Justin studied for a master's degree in International Politics at City, University of London, and graduated in 2012.
What do you do now? What do you enjoy about what you do?
Currently, I am serving as an International Relations Adviser to the Governor of the Saudi Arabian General Investment Authority (SAGIA) with a focus on international communication and media relations. In my role, I also work very closely with Saudi Arabia’s Minister of Commerce and Investment.
As an International Relations Adviser, my performance depends on my ability to accurately judge how the media will react to certain geopolitical and global economic events and developments in countries of interest to Saudi Arabia. I also spend a great deal of time engaging with political and commercial organisations of other countries.

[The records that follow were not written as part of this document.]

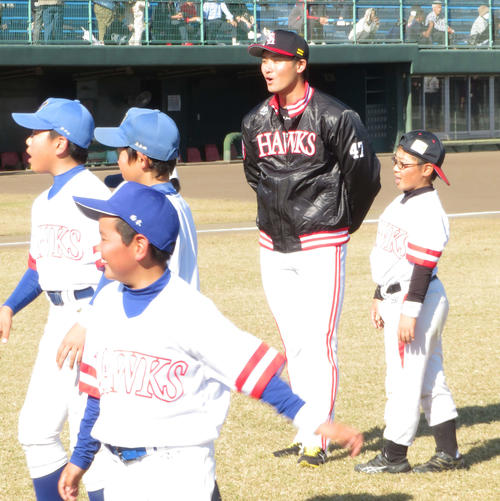 野球教室イベントで笑顔を見せるソフトバンク高橋純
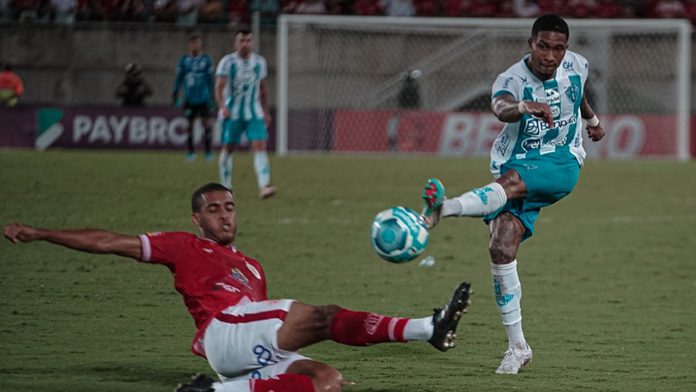 Mário Sérgio entra no top-5 de artilheiros da Série C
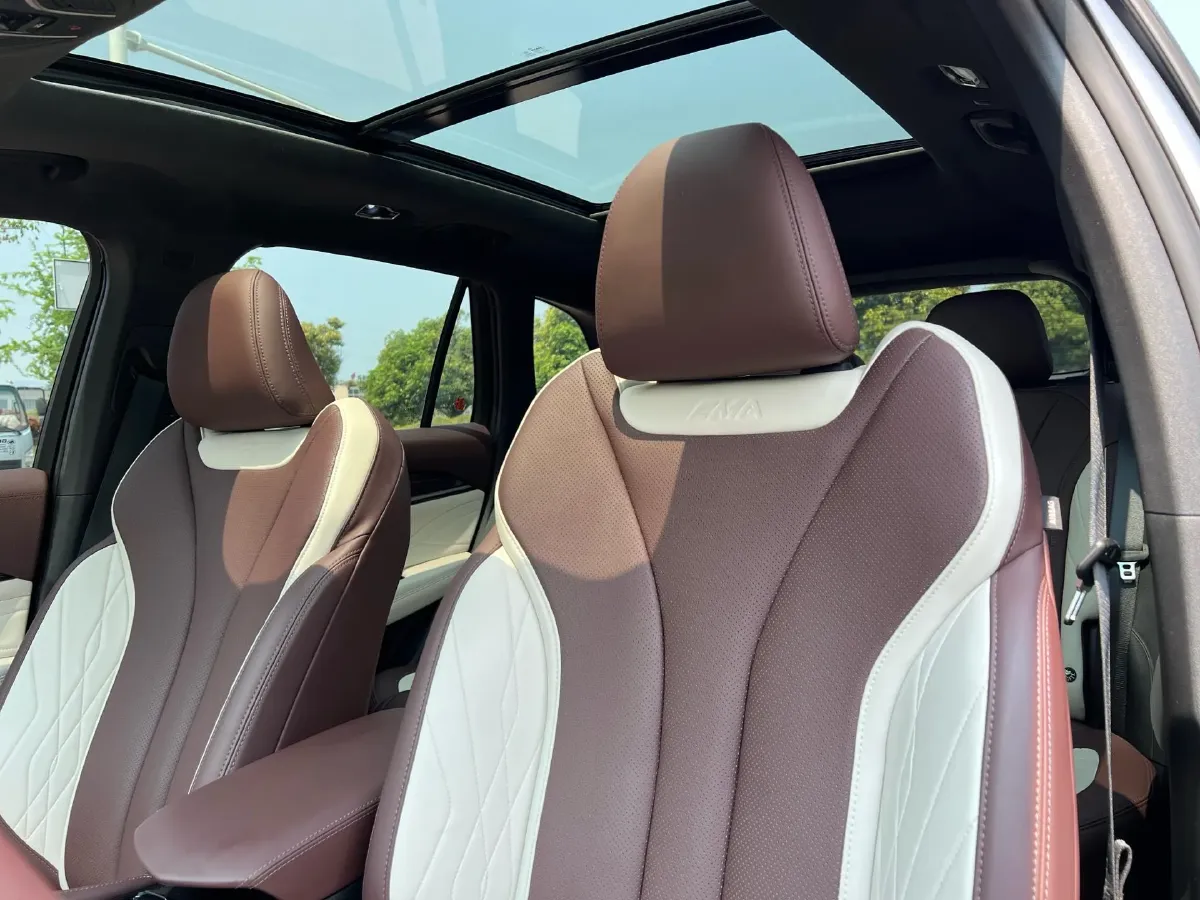 2021 Geely Monjaro 2.0T 218HP L4 7DCT,autocango,china used car exporter,china ev exporter,chinese used car exporter,chinese used ev exporter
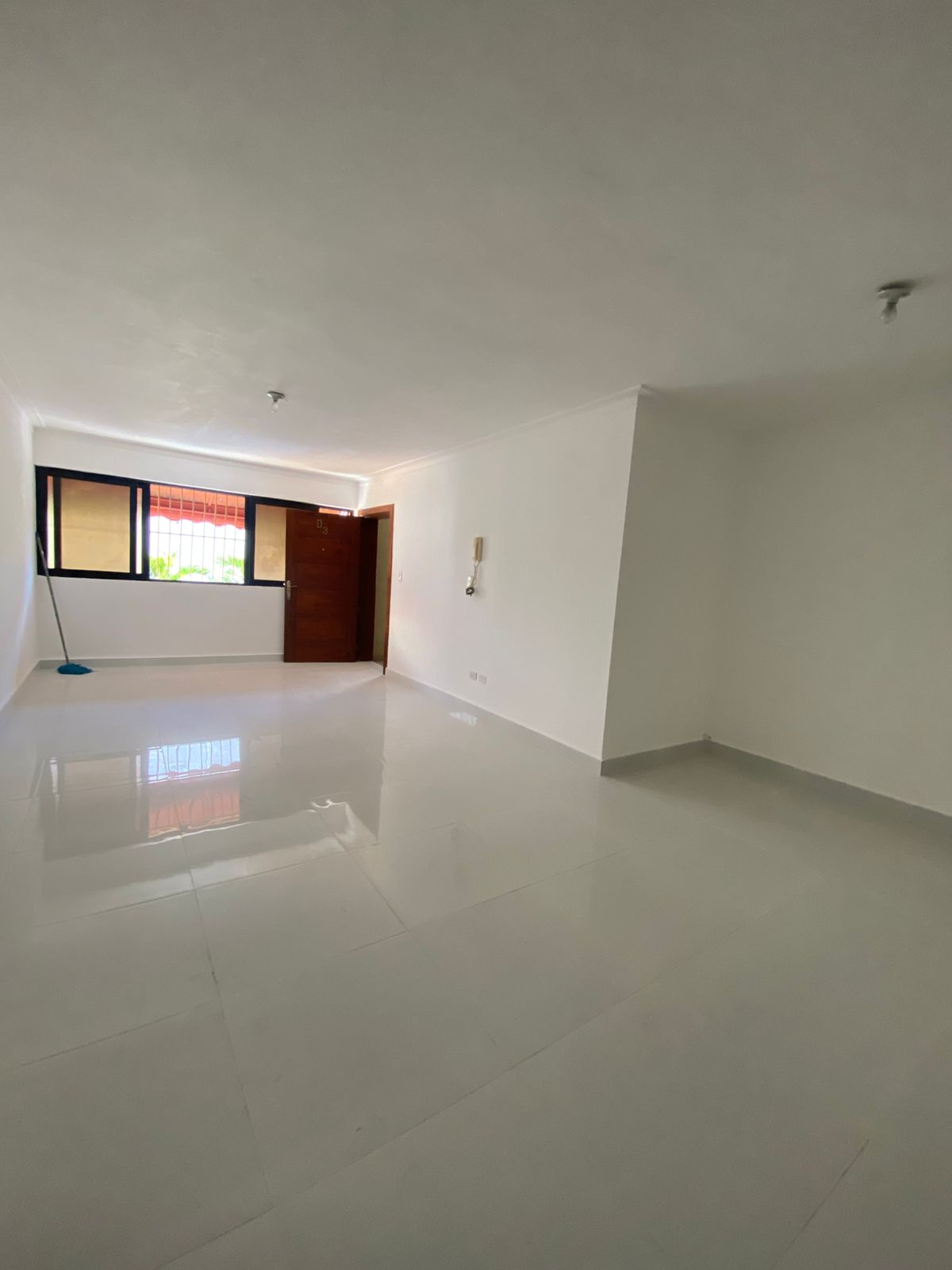 ALQUILO APTO REMODELADO EN BELLA VISTA SUR Foto 7302409-11.jpg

All of this gives me an opportunity to actually use my degree from City and engage with a subject matter that I enjoy.
I also travel quite frequently for work, allowing me to see and experience places I have never been to before. That's always a plus!
What path have you taken to get there? Were there any particular areas of interest that lead to you specialising?
Midway through my degree at City, I began an internship at the political polling and market research agency, Populus, right down the road from Campus. Spending nearly six months there opened the door to a number of opportunities that eventually led to a job working in Parliament.
During my time there, I wrote a report analysing the support British SMEs receive from the government and the department formerly known as UK Trade and Investment to export, particularly to the Middle East. This work somehow peaked the interest of the former Governor of SAGIA on a visit to the House of Commons. After a number of discussions following our first meeting, I was offered a job as an Advisor in his office.
Why did you choose to study at City, University of London and how has it helped you?
Before deciding on City, I had ten Universities to choose from where I could have done my course. As someone who wanted to live in the UK after graduation though I ultimately chose City with employability after my degree in mind. First, its location in London was advantageous: indeed that’s where most of the jobs related to my degree are! But in making my decision, I saw that City alumni had a reputation for quickly finding employment in their given field after graduation.
When I think about my time at City, however, less do I think about how quickly I was able to find a job afterwards, and more do I think about how unique a learning environment City was. In a course like International Politics where everyone will undoubtedly come with opinions, only 20% of students were native English speakers.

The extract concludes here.